Samstag noch punktlos setzte die sich die FLG Blaubeuren an die Spitze dieser Runde: Karl Eugen Bauder legte mit dem schnellsten indexkorrigierten Schnitt der Runde (122km/h) vor. Er hatte seinene Flug konsequent nach Osten ausgelegt und dort die schnellsten
Bedingungen vorgefunden. Dirk Ströbl und Sebastian Bauer starteten zunächst noch in Richtung Westen, um dann ihre Speed doch ebenfalls in Richtung Osten zu machen. Dass auch der Wetterraum östlich von Aalen besser lief, zeigt der LSR Aalen auf Rundenplatz 2. MIt dem Startplatz schon im Osten - und dann zum Teil mit Strecken in Richtung Westen und damit auf Abstand zu den ersten Überentwicklungen im Bayerischen Wald - war der FLC Schwandorf unterwegs. Wie die Meeting Points zeigen, traf man dort dann auf die Schwäbische Konkurrenz. Nicht unerwähnt bleiben soll natürlich, dass der Sonntag nicht nur für die Liga tauglich war, sondern auch für die (ganz) lange Strecke, denn Alex Späth, Uli Schwenk/Dominik Süß und gelang der Sprung über die 1000km und Alex Müller führt mit fast 1200km die Punkteliste im OLC-Plus unangefochten an.

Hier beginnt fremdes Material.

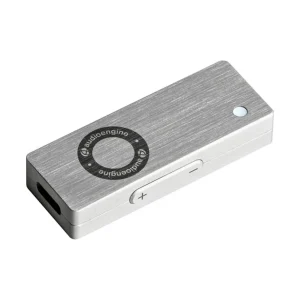 Audioengine USB DAC and headphone amplifier in brushed aluminum, featuring circular control dial, side volume/mute switch, and LED indicator.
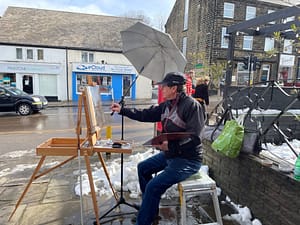 a photo of Alan Taylor painting en plein air in Penistone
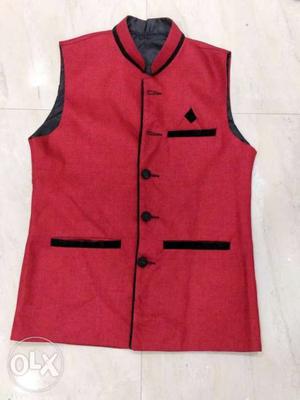 Red color Nehru jacket.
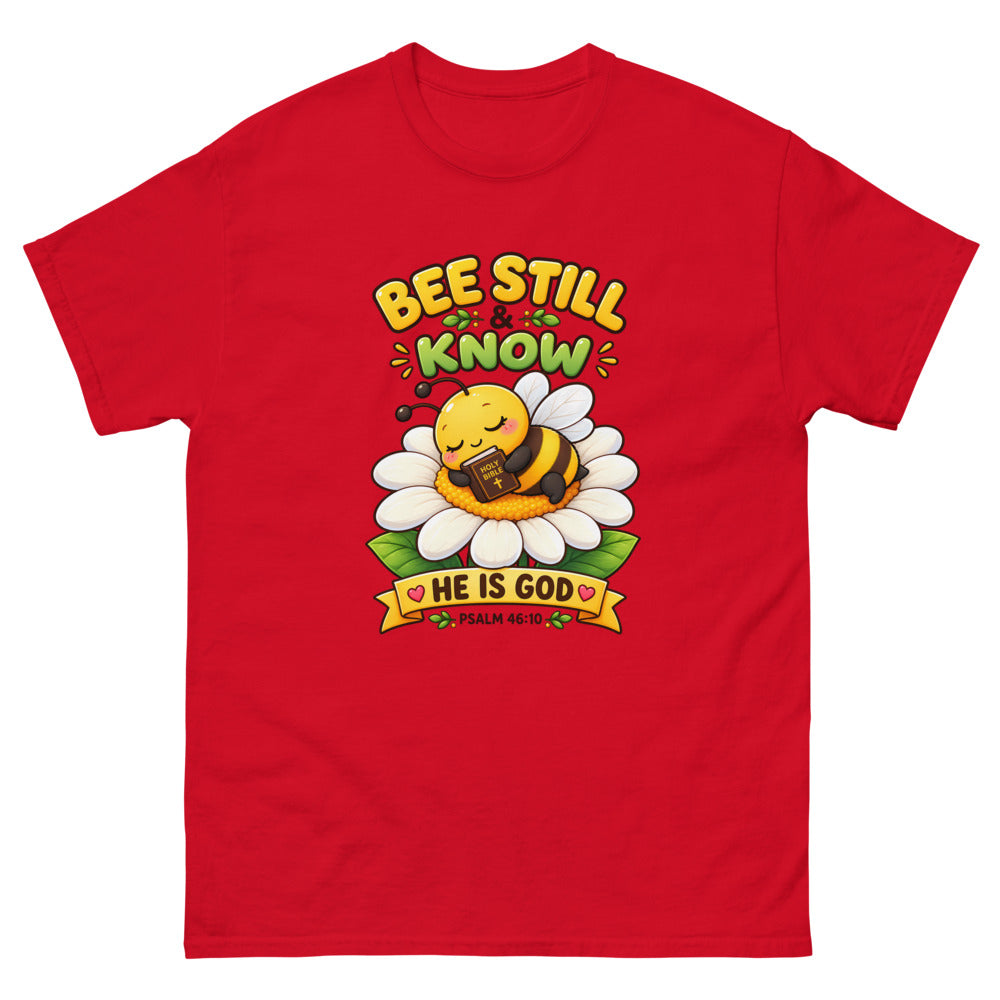 Cartoon bee sleeping on a daisy with a Bible and the words Bee Still And Know on a Red shirt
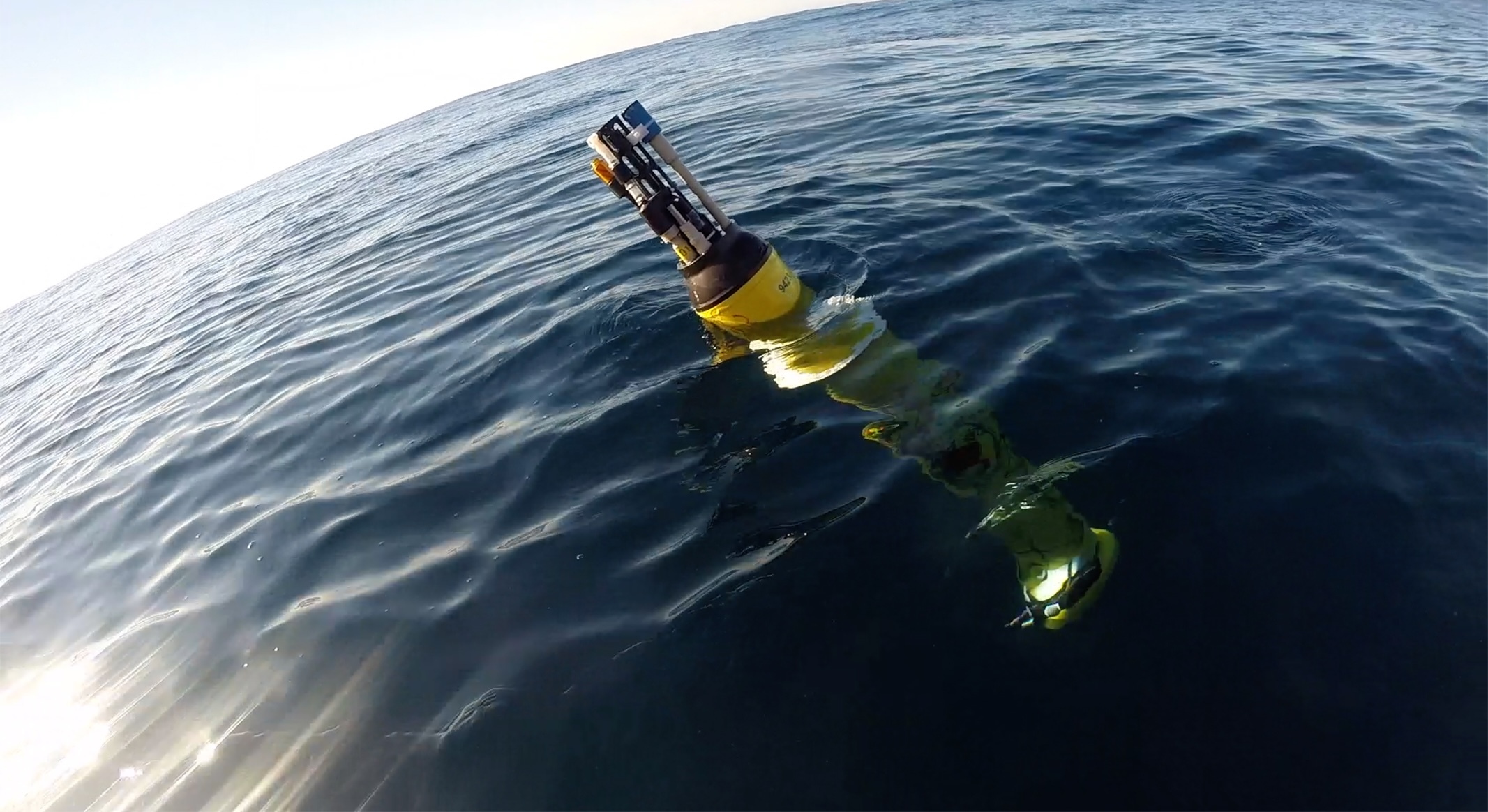 A robotic float drifts at the ocean surface on a sunny day. The cylindrical float has a yellow plastic housing. At the top are white and black sensors protruding out of the water. The background is blue ocean with the bright reflection of the sun in the lower left corner.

Auch in Liga 2 dominiert der Südosten die Ranglisten, allen voran der SFV Bad Wörishofen, für den Simon Schröder am schnellsten (113km/h) unterwegs war, knapp gefolgt von Robert Schröder. Unterstützz von Kilian Biechel konnte der Rundensieg am Ende souverän vor dem, AC Esslingen und der LSG Hersbruck erflogen werden. Nach Norden hin nahm die Punkteausbeute in beiden Ligen kontinuierlich ab, zumindest  kam für den einen oder anderen Verein aber noch Trostpunkte heraus. Auch in den Tabellen beider Ligen finden sich weiter Vereine vor allem aus dem Süden wieder, wobei Titelverteidiger Aalen nur einen äußerst knappen Vorsprung vor der Konkurrenz hat, während die SFG Seinwald die Liga 2 dagegen relativ souverän anführt.